Women performing light up Adelaide scene

Wednesday, March 4, 1992

By Barb Kempnich

ADELAIDE — The city's newest women's venue, the Red Shed, will present its next Women Performing on Friday, March 13, at 8 p.m. Among the performers will be Dani Burbrook singing original music of a contemporary flavour, award-winning Melbourne comic Sue-Ann Post and local band Outa Bounz, taking advantage of the opportunity to play a style of music different from its usual dance material.

If you weren't at Women Performing on January 24, then somebody's already told you what a great night you missed. More than 150 women turned out for the first Women Performing. The atmosphere was fantastic and the entertainment was superb.

Read Our Lips, Adelaide's own lesbian choir, started the evening off in great style. If they didn't have a fan club when they arrived, they certainly do now. When Sue Galbraith opened her mouth to sing you could have heard a pin drop — the audience were entranced and quite rightly demanded more.

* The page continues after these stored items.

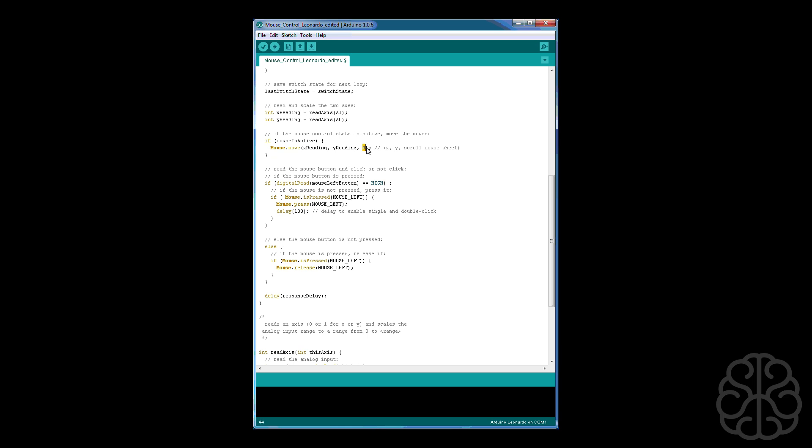Then here it's just to read the button, the left mouse button, if it's been pressed or not. If it has then mouse.press mouse_left because we're simulating the left mouse button, but you could put mouse_right for the right and underscore middle for that. And then we put a little delay after pressing of 100 milliseconds, that's to enable single and double click. Because if you don't have a delay there the code goes so fast that when you press down on the arcade button it would simulate the pressing of the mouse button multiple times even if you do it really fast. So a delay of 100 gives you the opportunity to press or double click.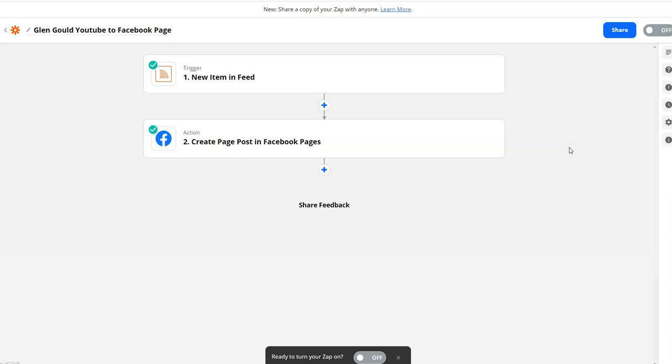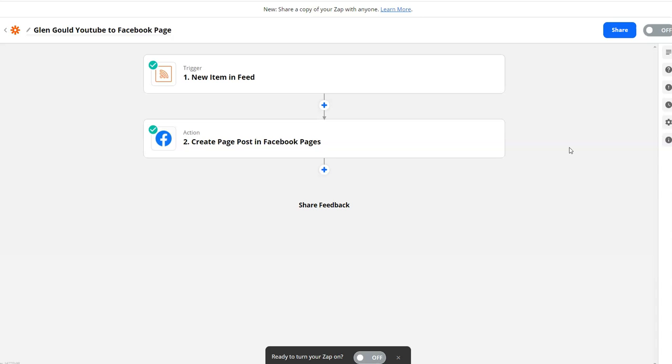A student asked how to stop her RSS feed from posting so frequently. She was getting three posts within an hour because that website is getting so much content over time.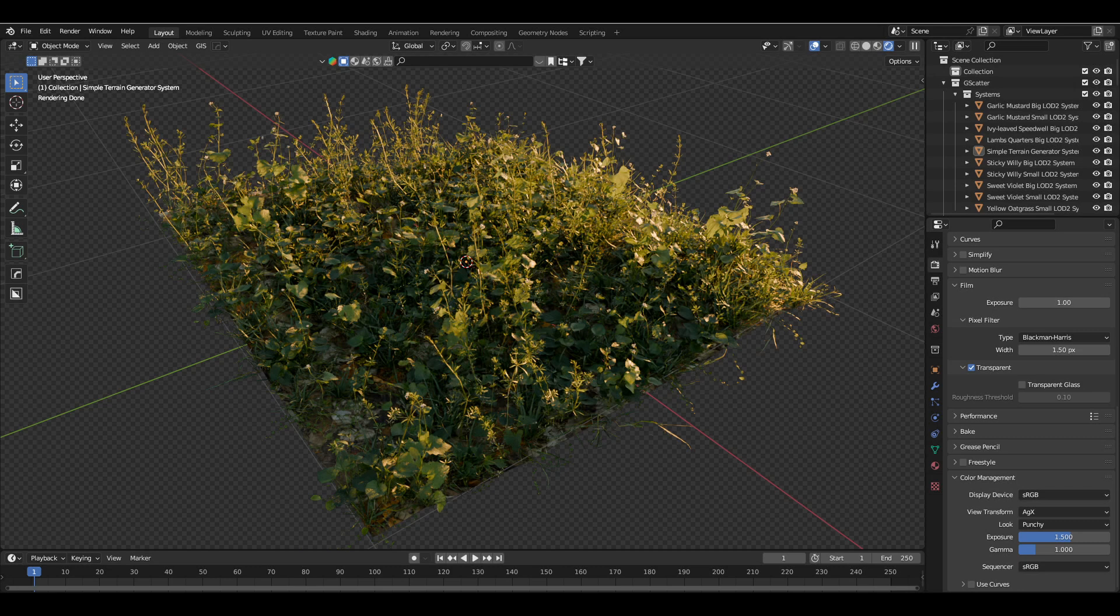Great vegetation is key when making most sorts of environments, but oftentimes good assets come at a higher price. But in this case, you get the best grass and weed assets for free.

Carol Mayersbach's poetry cut close to the bone but added a touch of humour. And they were just the floor spots!

Jenny Clark finished off the first half off the evening accompanied by her menagerie of instruments. She sang some brilliant original songs (and others), and played two sets of foot-stomping Scottish tunes on the cittern (an overgrown mandolin) and dulcimer (how does she get a stringed instrument to sound like bagpipes?).

After a break, Archipelago's renditions of songs of justice and freedom were greeted with stunned silence but immense delight. The audience couldn't stop screaming for more. And no wonder — the harmonies were breathtaking, the material superb — what a find!

Next, Mij Tanith (ably assisted in parts by Di Franklin) read some recent works. Her wicked sense of timing lent an element of suspense to her novel-in-progress and this was also reflected in some clever dialogue from a recent play. Looks like Mij might have sold a few advance copies of that novel.

The Raging Harpies finished off the night with some lovely Celtic music, and it looks like people were prepared to stay for as long as the entertainment continued.

Women Performing is a great boost for Adelaide, not only for performers, but also for women who want a different sort of night out. It provides the opportunity for diverse types of performance to take place under the same roof.

The venture has been set up primarily as a way to provide a platform for both experienced performers and beginners. Beginners can develop their skills by doing 10-minute floor spots — short enough to be not too intimidating, but long enough to get a feel for what it's like to get up in front of an audience. The floor spots also provide more experienced women with the opportunity to try out new material, new line-ups, new types of performance.

The other agenda is to try to pay booked artists a realistic remuneration for their work, which recognises the skill and hard work involved in performing at a professional standard. Finally, the audience gets a fantastic night's entertainment for a very low price and in a central location.

Anyone interested in performing should contact PO Box 107, Littlehampton SA 5250. The Red Shed is at Cardwell and Angas Streets, City.